As an armchair economist who believes that everything DOES happen at the margins, we can't completely ignore this, so I'm at least somewhat sympathetic to the argument.
But what really kills the argument is looking at how our medical professionals have stepped up and responded to COVID-19, putting their lives on the line every day, with utterly inadequate gear. And still they serve.
Yes, if the police are less militarized and have more personal liability/responsibility, it will reduce the level of interest in the profession somewhat, but I think we have to not kid ourselves about the degree of such an impact.
This is before we get into whether we really even want "those people" (who are attracted to the militaristic side of policing) 'serving' our communities at all.
Just as anti-pursuit policies have swept the nation to reduce officer-involved carnage, we can reduce escalation of violence.
Looks like NYC cops make more than NYC nurses, or it's close.

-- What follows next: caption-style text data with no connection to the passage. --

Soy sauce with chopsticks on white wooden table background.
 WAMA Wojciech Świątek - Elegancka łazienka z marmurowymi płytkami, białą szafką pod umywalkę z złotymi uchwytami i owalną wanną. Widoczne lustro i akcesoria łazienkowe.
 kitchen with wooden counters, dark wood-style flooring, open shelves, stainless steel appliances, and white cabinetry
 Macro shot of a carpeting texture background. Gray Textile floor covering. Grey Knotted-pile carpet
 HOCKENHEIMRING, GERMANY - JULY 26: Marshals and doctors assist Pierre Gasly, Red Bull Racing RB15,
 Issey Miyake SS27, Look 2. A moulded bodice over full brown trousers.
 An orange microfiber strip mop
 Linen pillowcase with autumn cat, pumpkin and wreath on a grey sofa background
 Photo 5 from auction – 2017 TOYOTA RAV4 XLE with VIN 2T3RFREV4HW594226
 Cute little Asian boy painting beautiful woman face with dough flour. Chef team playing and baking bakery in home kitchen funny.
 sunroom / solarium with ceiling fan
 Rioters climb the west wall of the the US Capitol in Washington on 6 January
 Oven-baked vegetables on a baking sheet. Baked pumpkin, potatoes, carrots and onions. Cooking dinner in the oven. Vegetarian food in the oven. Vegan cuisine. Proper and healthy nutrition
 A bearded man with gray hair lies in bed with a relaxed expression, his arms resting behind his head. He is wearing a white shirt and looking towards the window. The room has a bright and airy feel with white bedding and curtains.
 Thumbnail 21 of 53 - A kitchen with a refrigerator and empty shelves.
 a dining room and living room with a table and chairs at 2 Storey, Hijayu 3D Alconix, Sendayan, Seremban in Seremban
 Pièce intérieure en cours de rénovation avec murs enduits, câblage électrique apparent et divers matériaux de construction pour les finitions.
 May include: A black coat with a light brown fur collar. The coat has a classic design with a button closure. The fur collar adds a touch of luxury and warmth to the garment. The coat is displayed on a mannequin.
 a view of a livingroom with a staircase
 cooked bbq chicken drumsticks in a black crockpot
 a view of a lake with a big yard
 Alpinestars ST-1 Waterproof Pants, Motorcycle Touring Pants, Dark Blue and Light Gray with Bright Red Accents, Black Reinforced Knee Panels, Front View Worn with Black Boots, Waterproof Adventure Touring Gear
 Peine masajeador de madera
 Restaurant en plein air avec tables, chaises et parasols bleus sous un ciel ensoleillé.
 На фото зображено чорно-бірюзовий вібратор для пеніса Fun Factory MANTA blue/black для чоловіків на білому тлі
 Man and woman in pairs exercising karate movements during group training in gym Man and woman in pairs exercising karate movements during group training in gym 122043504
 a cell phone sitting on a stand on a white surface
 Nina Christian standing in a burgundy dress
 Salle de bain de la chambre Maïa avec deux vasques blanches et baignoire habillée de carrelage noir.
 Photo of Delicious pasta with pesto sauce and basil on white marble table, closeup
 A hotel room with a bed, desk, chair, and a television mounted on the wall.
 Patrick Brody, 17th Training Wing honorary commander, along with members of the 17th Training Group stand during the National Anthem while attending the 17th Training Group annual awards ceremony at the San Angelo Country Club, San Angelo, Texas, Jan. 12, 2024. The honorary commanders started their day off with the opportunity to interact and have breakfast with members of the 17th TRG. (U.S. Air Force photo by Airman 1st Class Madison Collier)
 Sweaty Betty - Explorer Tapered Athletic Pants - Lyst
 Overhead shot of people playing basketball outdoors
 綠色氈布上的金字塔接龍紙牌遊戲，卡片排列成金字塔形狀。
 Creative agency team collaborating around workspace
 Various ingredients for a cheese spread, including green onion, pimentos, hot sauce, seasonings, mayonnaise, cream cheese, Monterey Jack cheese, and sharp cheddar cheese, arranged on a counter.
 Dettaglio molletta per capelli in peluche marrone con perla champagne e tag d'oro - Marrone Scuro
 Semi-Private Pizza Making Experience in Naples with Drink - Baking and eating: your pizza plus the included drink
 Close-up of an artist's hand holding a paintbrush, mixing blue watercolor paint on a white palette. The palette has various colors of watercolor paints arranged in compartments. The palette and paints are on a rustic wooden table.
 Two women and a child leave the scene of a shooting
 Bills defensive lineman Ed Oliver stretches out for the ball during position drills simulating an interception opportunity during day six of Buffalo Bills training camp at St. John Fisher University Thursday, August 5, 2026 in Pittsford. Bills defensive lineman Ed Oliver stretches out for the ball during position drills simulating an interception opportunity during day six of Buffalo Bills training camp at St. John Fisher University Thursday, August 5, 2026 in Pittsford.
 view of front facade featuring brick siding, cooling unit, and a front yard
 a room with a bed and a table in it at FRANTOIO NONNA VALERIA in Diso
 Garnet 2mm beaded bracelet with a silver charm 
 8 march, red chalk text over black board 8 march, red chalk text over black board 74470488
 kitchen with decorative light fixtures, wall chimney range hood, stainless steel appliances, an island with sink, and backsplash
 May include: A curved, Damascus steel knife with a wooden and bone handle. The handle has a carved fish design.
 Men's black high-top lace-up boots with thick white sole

From the source, starting $42K, $85K after 5 years, plus benefits:
https://www1.nyc.gov/site/nypd/careers/police-officers/po-be...
New York nursing, average pay (> 5 years) $83K, $89K in NYC.
When you factor in years of medical school for the degree, medical malpractice insurance, and lack of benefits versus police pension, police are generally netting more.
The point isn't whether they get paid the wrong amount for the qualifications required the point is about the calculus about how much you are willing to put up with when you are getting paid $70k vs $300k.
If I'm getting paid $300k and once or twice in my 40 year career I have to deal with a pandemic my thought process about how I feel about that is different than if I'm making 70k. All I'm saying is comparing doctors to cops doesn't seem particularly useful.